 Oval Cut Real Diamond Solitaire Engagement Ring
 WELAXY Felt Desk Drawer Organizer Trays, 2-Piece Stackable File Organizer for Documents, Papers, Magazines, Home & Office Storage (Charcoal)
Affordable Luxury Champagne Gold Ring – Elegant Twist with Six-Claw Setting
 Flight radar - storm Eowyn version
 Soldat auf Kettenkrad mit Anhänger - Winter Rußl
--*--
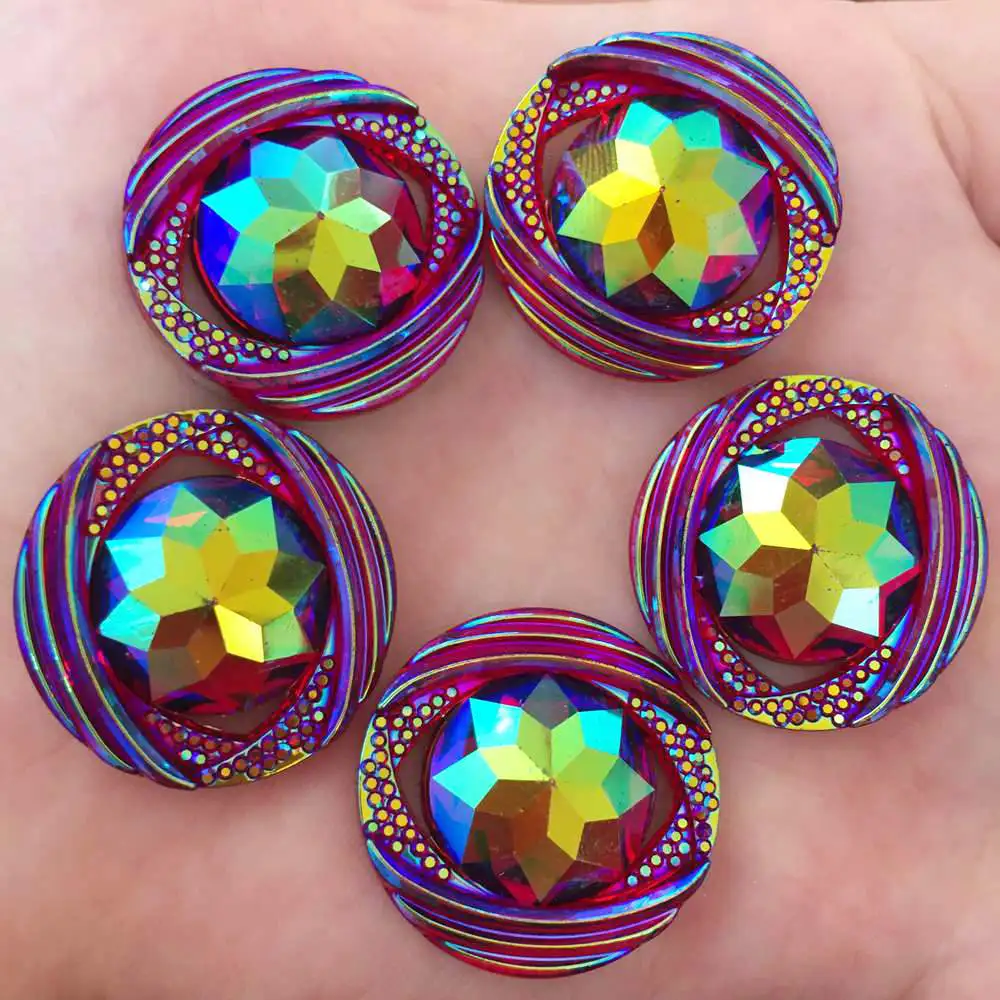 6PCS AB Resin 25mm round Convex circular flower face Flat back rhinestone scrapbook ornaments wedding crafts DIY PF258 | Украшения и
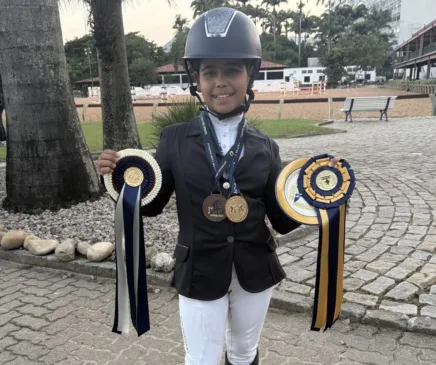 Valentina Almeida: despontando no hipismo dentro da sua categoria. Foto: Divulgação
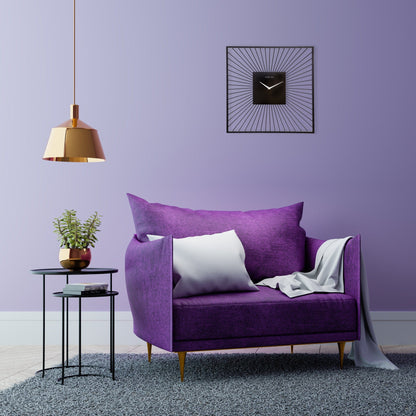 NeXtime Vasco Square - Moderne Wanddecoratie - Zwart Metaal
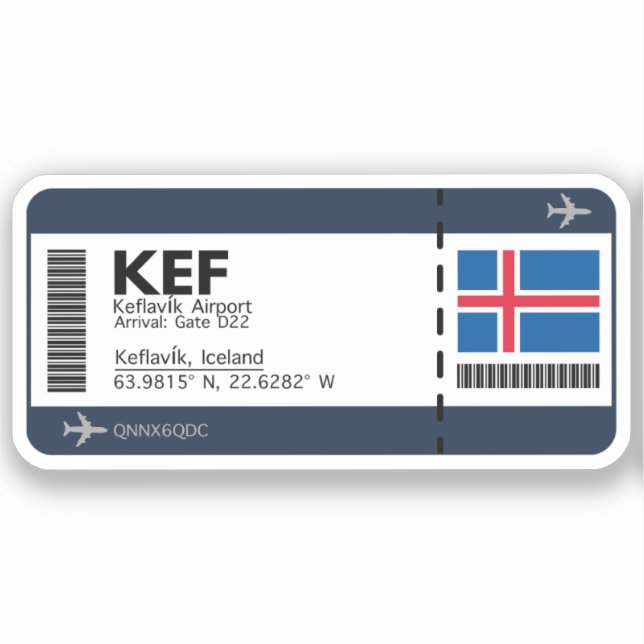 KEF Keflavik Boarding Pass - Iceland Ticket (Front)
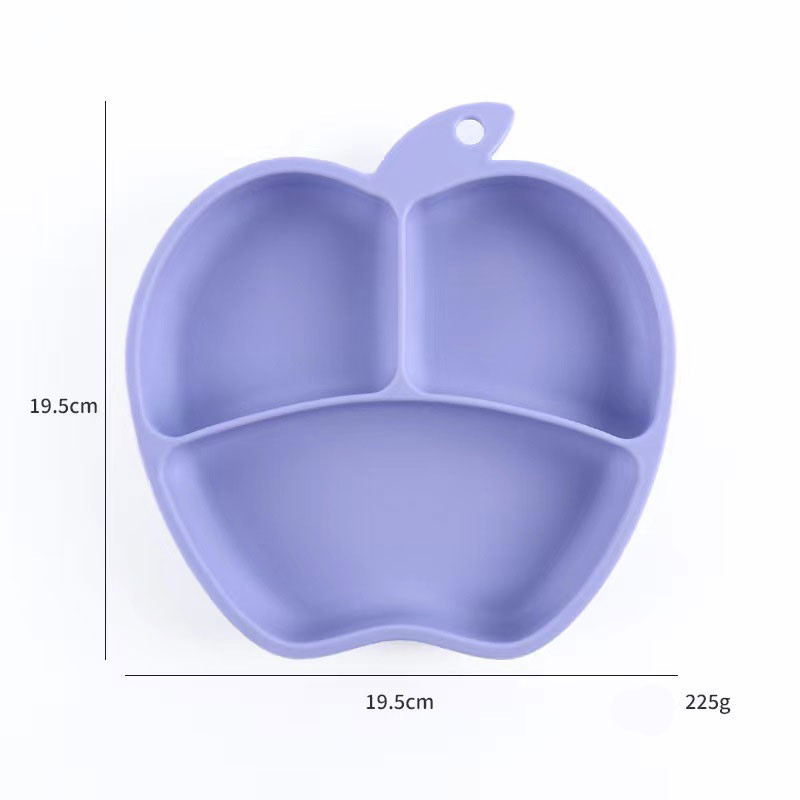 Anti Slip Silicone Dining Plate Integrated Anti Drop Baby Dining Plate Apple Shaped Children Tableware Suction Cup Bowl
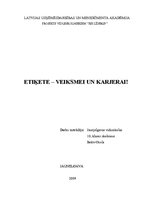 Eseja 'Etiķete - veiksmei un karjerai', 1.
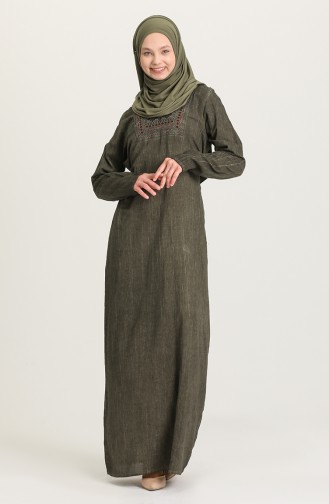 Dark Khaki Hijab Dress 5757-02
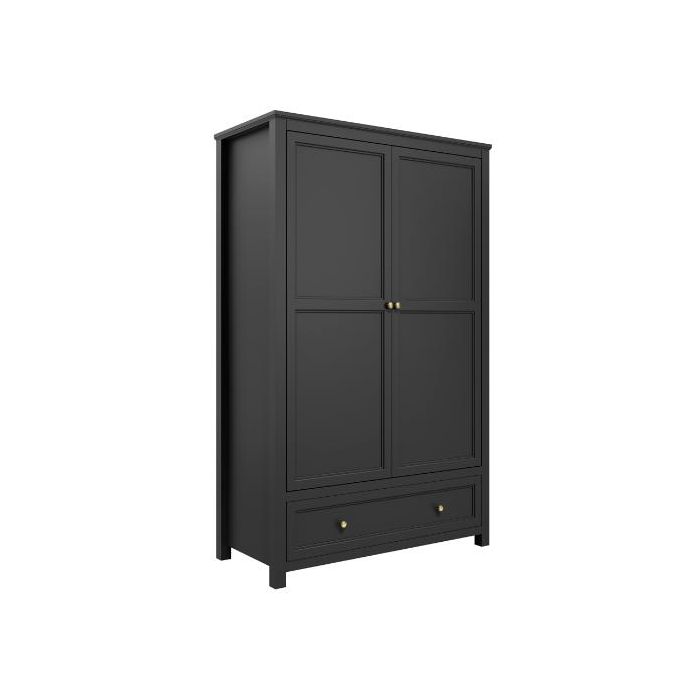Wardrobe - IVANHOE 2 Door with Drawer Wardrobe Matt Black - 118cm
--*--
### Your goal
Each line above from the one containing "Anti Slip Silicone" through the one containing "Wardrobe - IVANHOE" is to be returned verbatim. Nothing else, and no pictures.

### Answer box
 Anti Slip Silicone Dining Plate Integrated Anti Drop Baby Dining Plate Apple Shaped Children Tableware Suction Cup Bowl
 Eseja 'Etiķete - veiksmei un karjerai', 1.
 Dark Khaki Hijab Dress 5757-02
Wardrobe - IVANHOE 2 Door with Drawer Wardrobe Matt Black - 118cm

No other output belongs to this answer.